Her body ached, her soul worn thin, but she moved with purpose. Each step through the shifting sands carried the weight of desperation transmuted into resolve.

She had barely cleared the outer dunes when her comm crystal buzzed to life—Kane's voice erupting through the static with all the force of a thunderclap.

"Arasha! What the hell were you thinking?! Going off alone, AGAIN?! Do you even know what we've been through while you vanished?! I could've helped Levi! Why didn't you wait?!"

His anger wasn't empty—it was rooted in fear. 

Arasha winced, her voice soft, weary.

"I know… I know. I'm sorry, Kane.

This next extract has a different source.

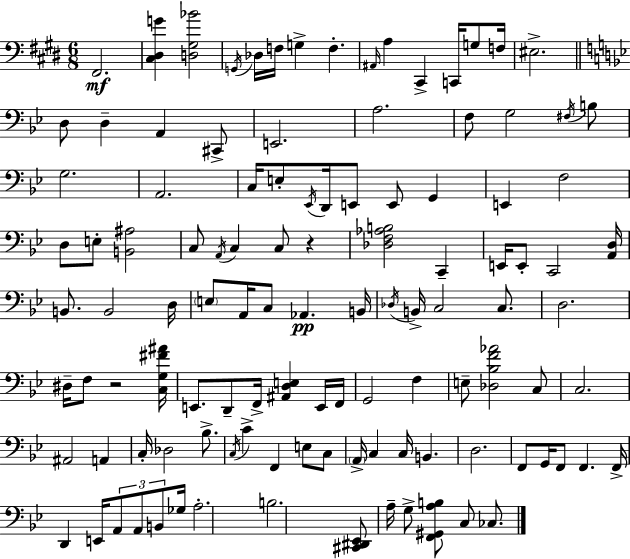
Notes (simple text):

F#2/h. [C#3,D#3,G4]/q [D3,G#3,Bb4]/h G2/s Db3/s F3/s G3/q F3/q. A#2/s A3/q C#2/q C2/s G3/e F3/s EIS3/h. D3/e D3/q A2/q C#2/e E2/h. A3/h. F3/e G3/h F#3/s B3/e G3/h. A2/h. C3/s E3/e Eb2/s D2/s E2/e E2/e G2/q E2/q F3/h D3/e E3/e [B2,A#3]/h C3/e A2/s C3/q C3/e R/q [Db3,F3,Ab3,B3]/h C2/q E2/s E2/e C2/h [A2,D3]/s B2/e. B2/h D3/s E3/e A2/s C3/e Ab2/q. B2/s Db3/s B2/s C3/h C3/e. D3/h. D#3/s F3/e R/h [C3,G3,F#4,A#4]/s E2/e. D2/e F2/s [A#2,D3,E3]/q E2/s F2/s G2/h F3/q E3/e [Db3,Bb3,F4,Ab4]/h C3/e C3/h. A#2/h A2/q C3/s Db3/h Bb3/e. C3/s C4/q F2/q E3/e C3/e A2/s C3/q C3/s B2/q. D3/h. F2/e G2/s F2/e F2/q. F2/s D2/q E2/s A2/e A2/e B2/e Gb3/s A3/h. B3/h. [C#2,D#2,Eb2]/e A3/s G3/e [F2,G#2,A3,B3]/e C3/e CES3/e.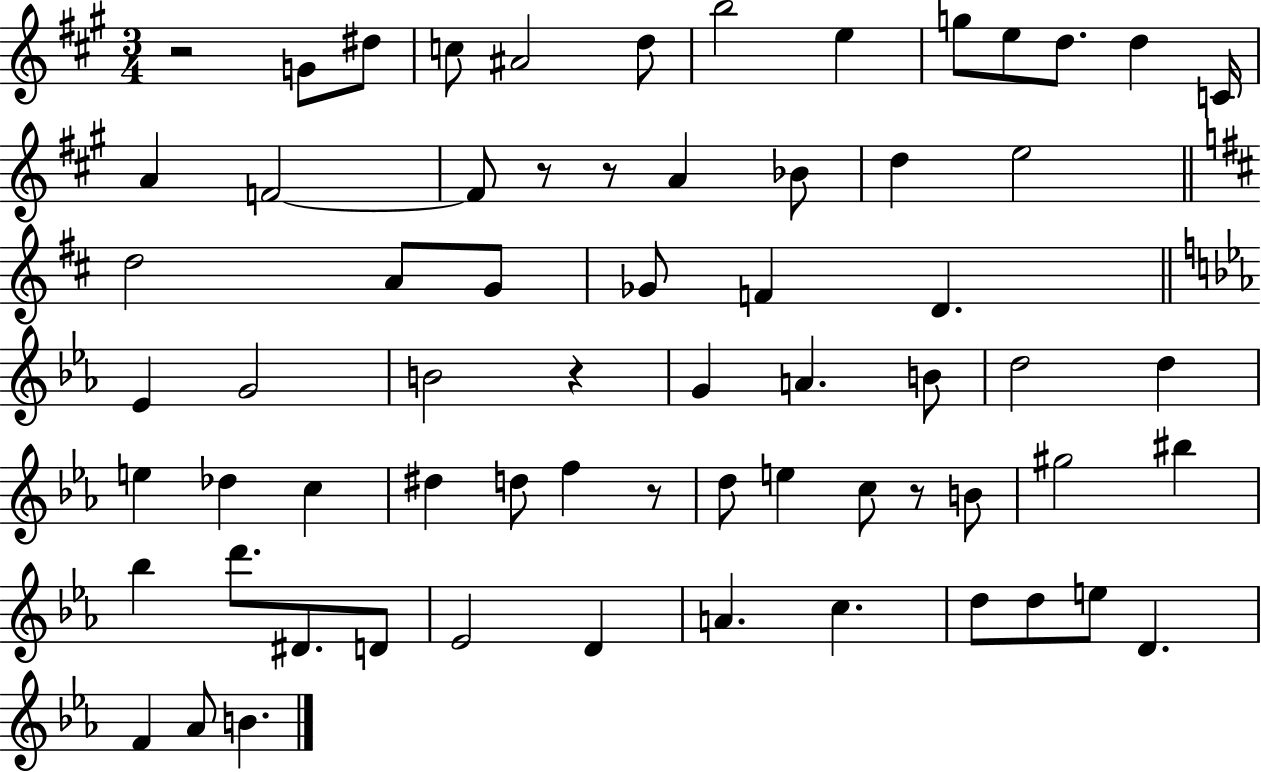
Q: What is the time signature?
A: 3/4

I should have waited, but—"

She paused, swallowing the guilt and weariness tightening her chest.

"—he was screaming. Bleeding. I couldn't stand by and do nothing. Not for Levi."

A long silence followed, heavy with unspoken emotion.

Then Kane sighed, a deep, helpless sound.

"You reckless, stubborn… damn it, Arasha. Give me your coordinates."

She did, and a moment later, light shimmered beside her as Kane teleported through—his hair tousled from travel, concern etched deeply into his face.

Before she could speak again, Kane stepped forward and pulled her into a tight embrace, arms wrapped around her with a desperate strength.

"You don't always have to do it alone. How many times do I have to say it?" he murmured, voice lower now. "You're not alone. I'm here."

Arasha closed her eyes and let herself lean into him, just for a moment. Just long enough to feel real.

"...I know," she whispered. "But sometimes, it feels like I am."

Kane held her tighter, as if daring the world to try to take her from him again.